Song
- Written: 1900
- Genre: Novelty song

= They're Moving Father's Grave to Build a Sewer =

"They're Moving Father's Grave to Build a Sewer" (Roud 10391) is a classic comic song, often assumed to be from the music hall tradition. It is usually sung in a straight key of C major, but can be varied.

==History==
The song is first mentioned in The Mansfield News (15 April 1900), saying "a well known sporting editor in town has written quite a pathetic little ballad, entitled 'They Have Shifted Mother's Grave to Build a Sewer', and it is expected to become quite popular". It was advertised in the Great Falls Leader in May that year, saying: "The two latest songs are said to be 'They Shifted Mother's Grave to Build a Sewer', and 'They Have Painted Papa's Whiskers Green to Match His Pants'. For Sale by all newsdealers." In August, the Wilkes-Barre Sunday Morning Leader had an anecdote that a woman (Mrs.
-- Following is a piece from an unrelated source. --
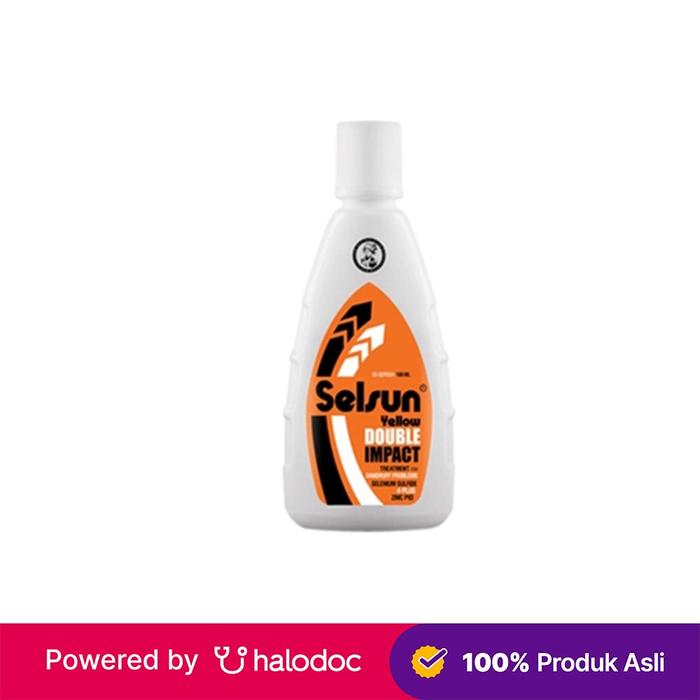 Gambar Selsun Yellow Double Impact Shampo 50 ml - Shampoo Ketombe - Halodoc dari Apotek Dua Putri Tangerang Kota Tangerang Selatan Tokopedia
Frederick Wallace) recognised the face of her "long lost brother" from a lithograph of the composer "on the cover of a beautiful musical composition rejoicing in the delightful title of, 'They Have Shifted Mother's Grave to Build a Sewer, and managed to reconnect with him as a result.
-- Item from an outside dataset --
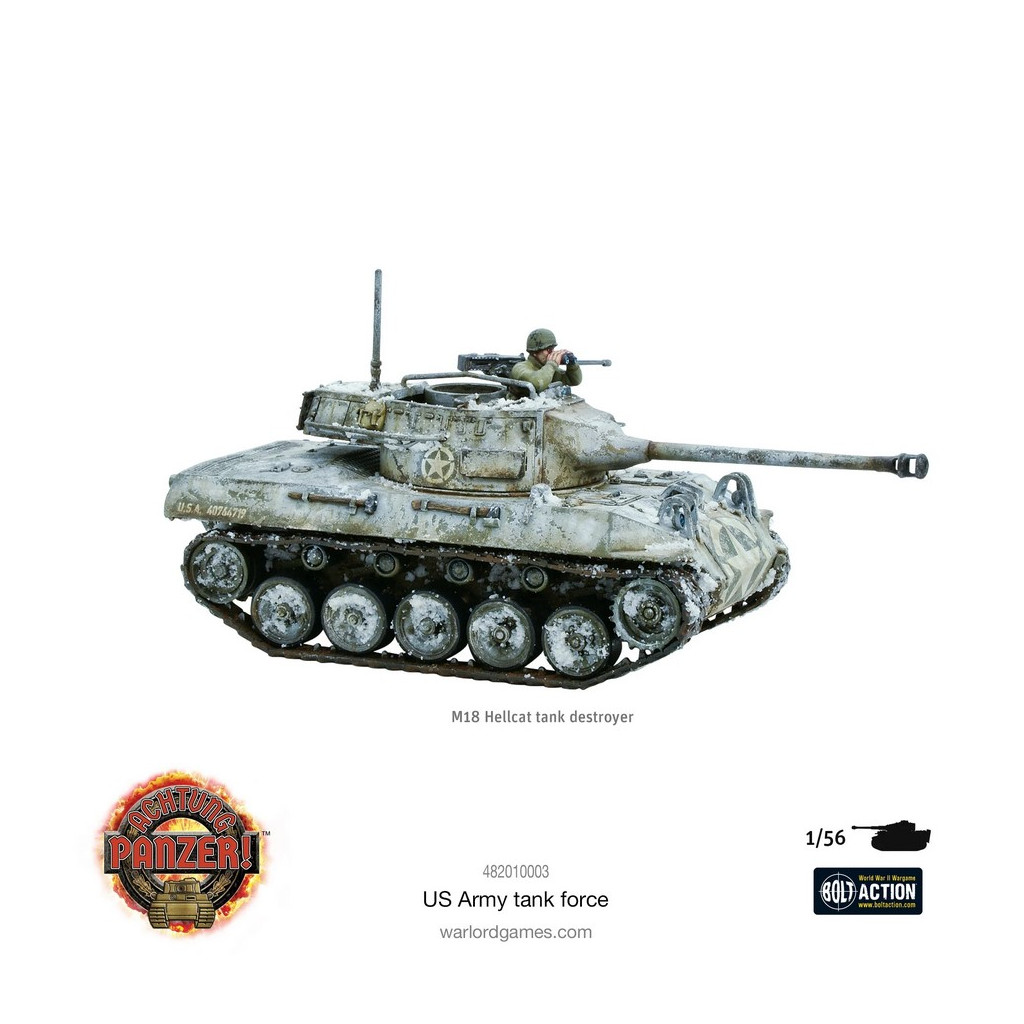 Achtung Panzer! US Army Tank Force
However, the song was soon attributed to others. In September 1900, the Cincinnati Commercial Tribune credited the song to famous singer and songwriter Paul Dresser, when discussing the Brooklyn Superbas baseball team, saying: "For a mascot the Brooklyns carry a boy soprano named Casey. With weepful pathos he sings Paul Dresser's latest success, entitled 'They're Moving Mother's Grave to Build a Sewer'." In December that year, The Scranton Times and The Scranton Tribune attributed "They Shifted Willie's Grave to Build a Sewer" to "Tontine". In 1904, the East Liverpool, Ohio Evening News Review described how "Willie Powell warbled a very touching and Original Ballad entitled, 'They Are Moving Willie's Grave to Build a Sewer during a banquet for the Manchester basketball team who had won the Ohio championships.
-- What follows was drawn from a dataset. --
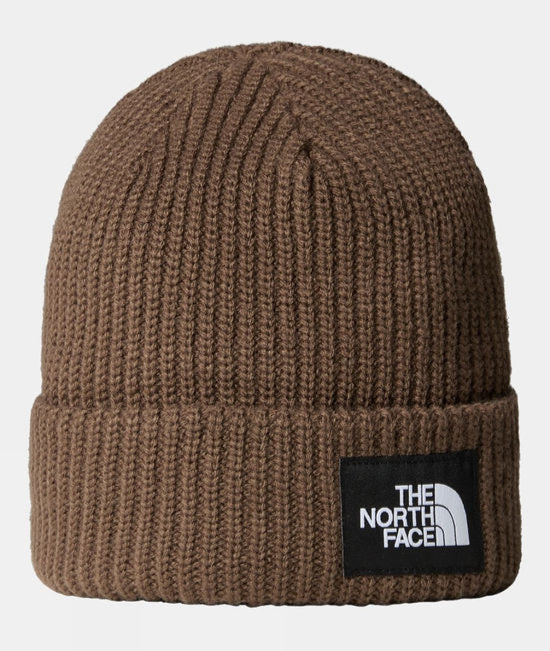 Salty Lined Beanie (Smokey Brown)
The Altoona Mirror for 15 April 1901, described the songs played by "street piano music venders" in Altoona, Pennsylvania, which included "They Be Moving Mother's Grave to Build a Sewer". Other early versions include "They've Shifted Mother's Grave to Dig a Sewer" (1900), "They Have Shifted Little Willie's Grave to Build a Sewer" sung in 1902 by vaudeville performer Arthur Deming in Indianapolis, and "We Had to Move Paddy's Grave to Dig a Sewer" sung at a 1903 meeting of the Brotherhood of Boiler Makers and Iron Ship Builders in Sacramento, California.

"They Are Moving Grandpa's Grave to Build a Sewer" was listed as a phrase by H. L. Mencken, derived from the title of the song. Dorothy Kilgallen also mentioned it in a 1947 article about sayings: "the comic sayings were ever popular. One of the most famous usually painted on beer steins, was 'They Are Moving Grandpa's Grave to Build a Sewer'. It didn't make much sense but the folks of the eighties loved it."

It was a favourite of Frank Muir, who sang it many times on BBC Radio 4. Denis Norden also sang the song in the final series of radio panel show My Music (1994).

A version of the song was also recorded by Oscar Brand, on his album Bawdy Songs Goes to College recorded in 1955, under the title "Father's Grave".

A variant of the song, called "Grandpa's Grave", was recorded by the comedian Peter Sellers and included on his 1960 LP with Sophia Loren, Peter & Sophia, as well as on the B-side of the duo's hit single "Goodness Gracious Me".

The song was repopularised by the Clancy Brothers, who included it on their 1965 album Recorded Live in Ireland.

Charles Keeping sang this song for the record version of his 1975 book Cockney Ding Dong.

The Men That Will Not Be Blamed for Nothing recorded a version called "Sewer (Live)" for their 2010 album Now That's What I Call Steampunk! Volume 1. A limited edition of this album included a phonograph cylinder of this track; the first music commercially available on wax cylinder for almost a century.

==Lyrics==
Lyrics vary, but Muir's version is thus:

They're moving Father's grave to build a sewer
They're moving it regardless of expense.
They're taking his remains, to put in nine-inch drains
And provide the public with a nice new gent's.
It's such a lovely place behind the gasworks
With dandelions growing by the fence:
Now it seems a wicked plot
To spoil that lovely spot
Just for one old rich man's convenience.